--- START ---
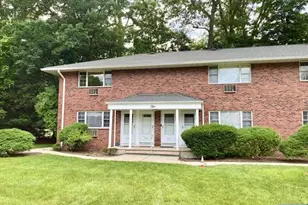 502 Washington Dr, Ramsey, NJ 07446 - Photo 1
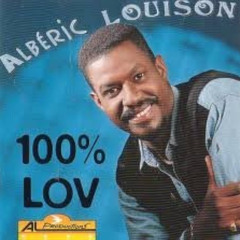 Alberic Louison - Vanessa (Didier97kaf) 2025.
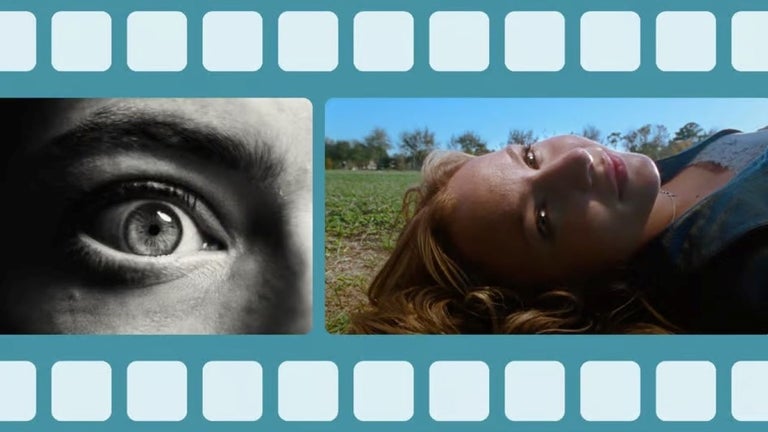 En tiempos de IA, los anu…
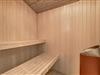 Billede 18 - Sauna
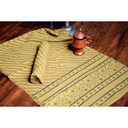 Ajrak - 2 Piece Suit         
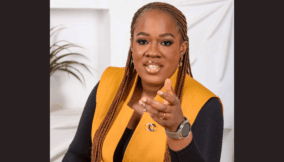 Anambra boosts learning in public schools with 8,115 teachers — Nnake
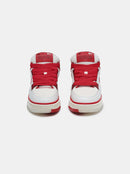 Amiri MA-1 - RED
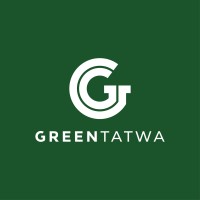 Greentatwa Agri Tech Logo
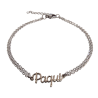 Pulsera Paqui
--- END ---
▶ _Instructions to follow_: Reproduce the material exactly; keep pictures out.

▶ _Answer section_:
 502 Washington Dr, Ramsey, NJ 07446 - Photo 1
 Alberic Louison - Vanessa (Didier97kaf) 2025.
 En tiempos de IA, los anu…
 Billede 18 - Sauna
 Ajrak - 2 Piece Suit         
 Anambra boosts learning in public schools with 8,115 teachers — Nnake
 Amiri MA-1 - RED
 Greentatwa Agri Tech Logo
 Pulsera Paqui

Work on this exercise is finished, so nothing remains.